0

If I want to covert an array of objects into a set how would I do so in the most efficient way possible? A set contains no duplicate values, so I was thinking I could use a generic merge sort algorithm which would split the array into 2 sequences and then from that point use the comparator to sort the array and get rid of of any duplicate values should an element from sequence A be equal to sequence B. This would give me O(nlogn). Is this the right approach or is there a more accurate/ more efficient way of approaching this problem?
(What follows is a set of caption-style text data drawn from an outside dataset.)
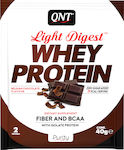 QNT Light Digest Whey Πρωτεΐνη Ορού Γάλακτος Χωρίς Γλουτένη με Γεύση Belgian Chocolate 40gr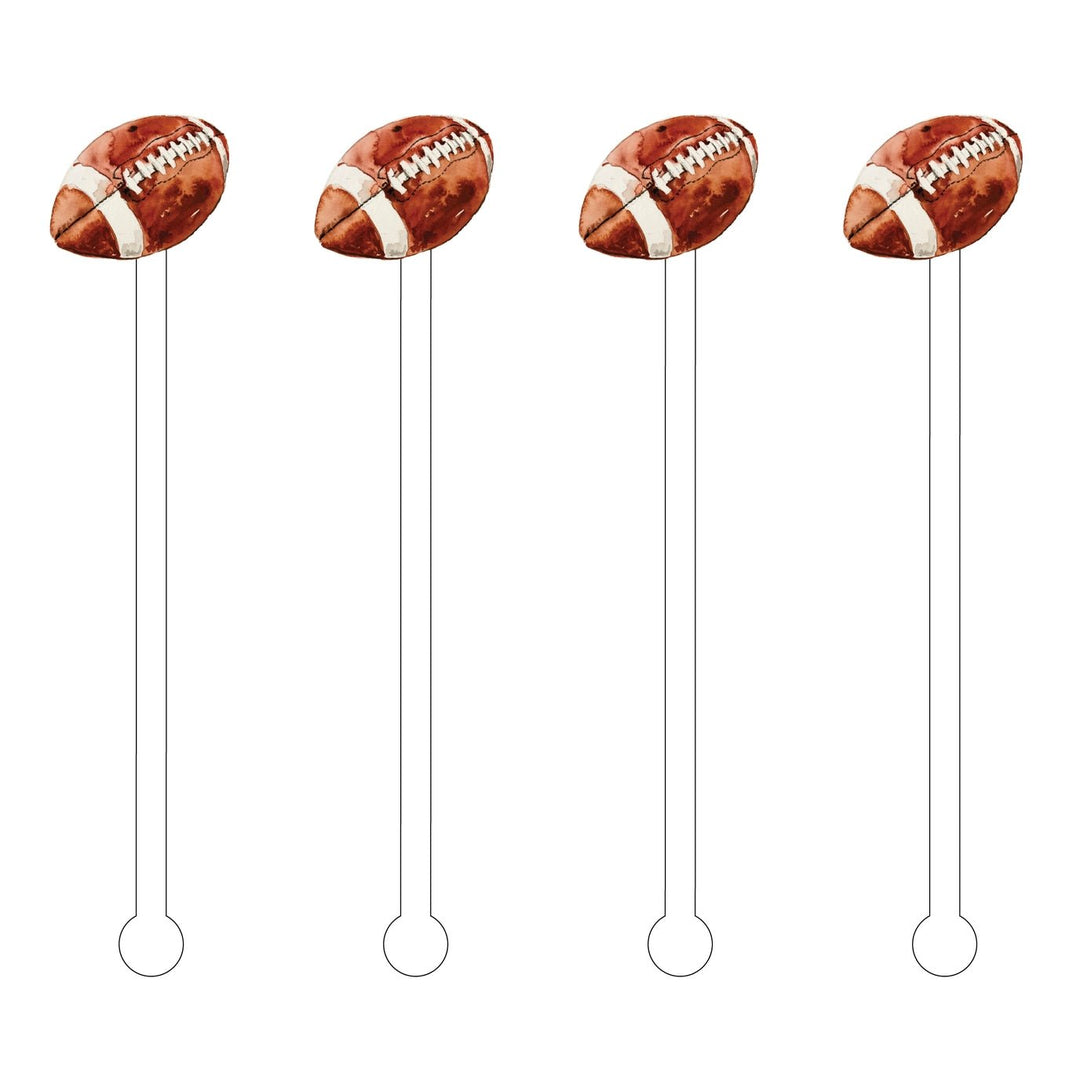 FOOTBALL ACRYLIC STIR STICKS - Something Splendid Co.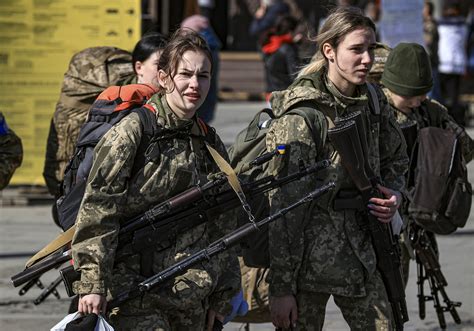Ukraine Military Sees Spike In Female Volunteers Amid War With Russia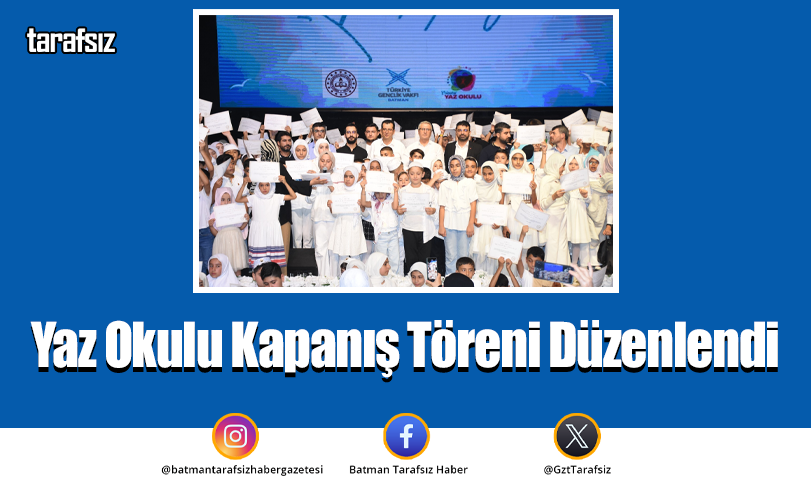 Yaz Okulu Kapanış Töreni Düzenlendi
  • Yeah that's pretty much it. Either that or you just create a set and insert everything in it. Either way it's `O(nlogn)` – Shahbaz Jan 28 '14 at 16:39
  • You need to say what you want your set's interface to be. And in addition, what the time complexity should be for each method in the interface. Because it's possible to use an array as the implementation of a set, with `O(1)` insertion and `O(n)` containment check. – amnn Jan 28 '14 at 16:39
  • 1
    That's the right approach if you wear the shackles of the comparison black box. If you have hashing or consider the items as bit strings, there are alternatives. Can you do that? What do your objects represent? –  Jan 28 '14 at 16:40
  • @asQuirreL In general you're right, but in this case we want to remove duplicates. –  Jan 28 '14 at 16:40
  • Is this what you're looking for? http://stackoverflow.com/questions/3350641/array-remove-duplicate-elements – user3096052 Jan 28 '14 at 16:41

3 Answers3

1

You basically have two choices. Use a hashing based solution that can give you O(n) average case performance - at the cost of O(n) extra space, or use a sorting solution which is O(nlogn) and can be done with very little extra space.

Note that you cannot get better than it, because this will allow you to solve element distinctness problem1 better than the suggested approach - which is known as impossible.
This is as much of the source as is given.